▶ **ASSIGNMENT**: When you reach a picture, pass over it; otherwise repeat the listing word for word.

▶ **DATA BLOCK**:
================
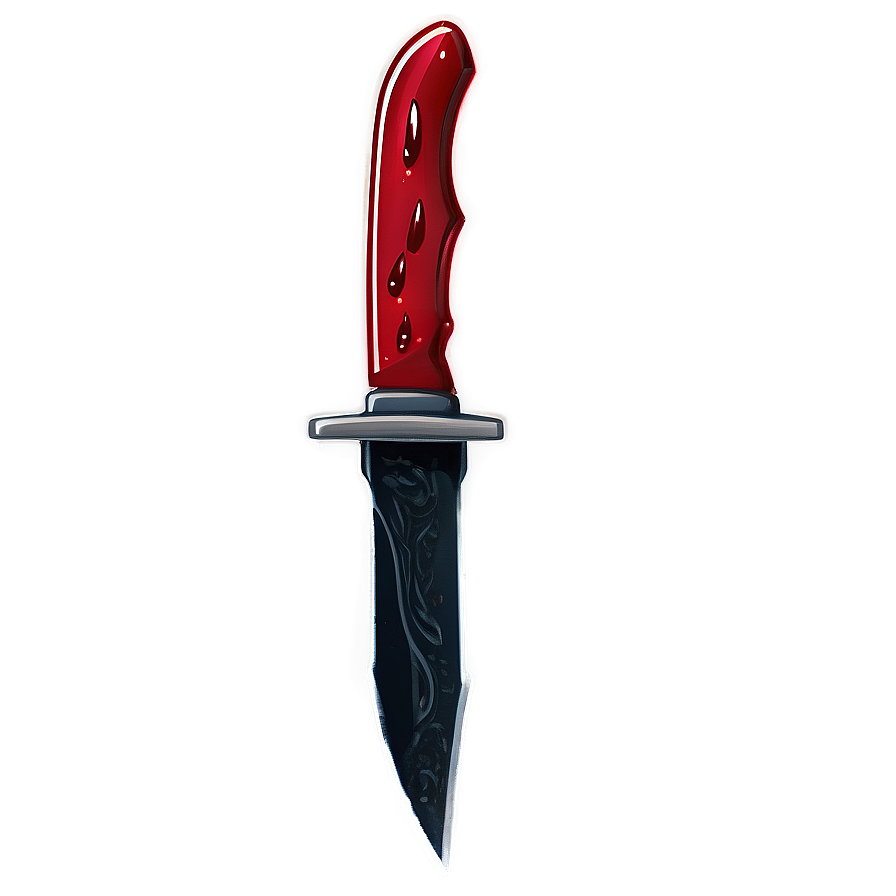 Gacha Knife With Blood Drip Png 06272024 PNG Image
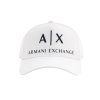 Kšiltovka Armani bílá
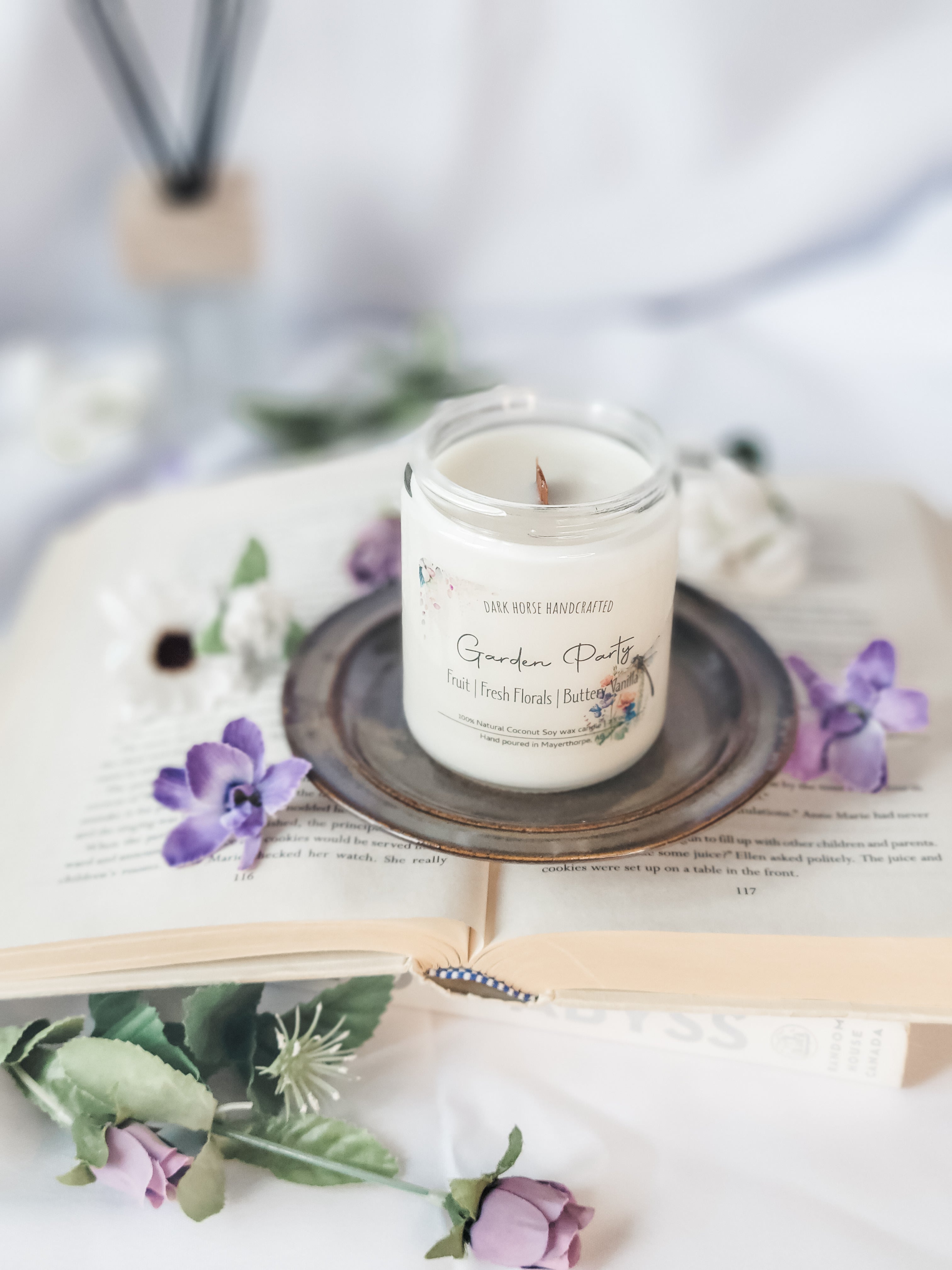 Garden Party - Scented Soy Candle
================
▶ **SOLUTION TO THIS EXERCISE**:
 Gacha Knife With Blood Drip Png 06272024 PNG Image
 Kšiltovka Armani bílá
 Garden Party - Scented Soy Candle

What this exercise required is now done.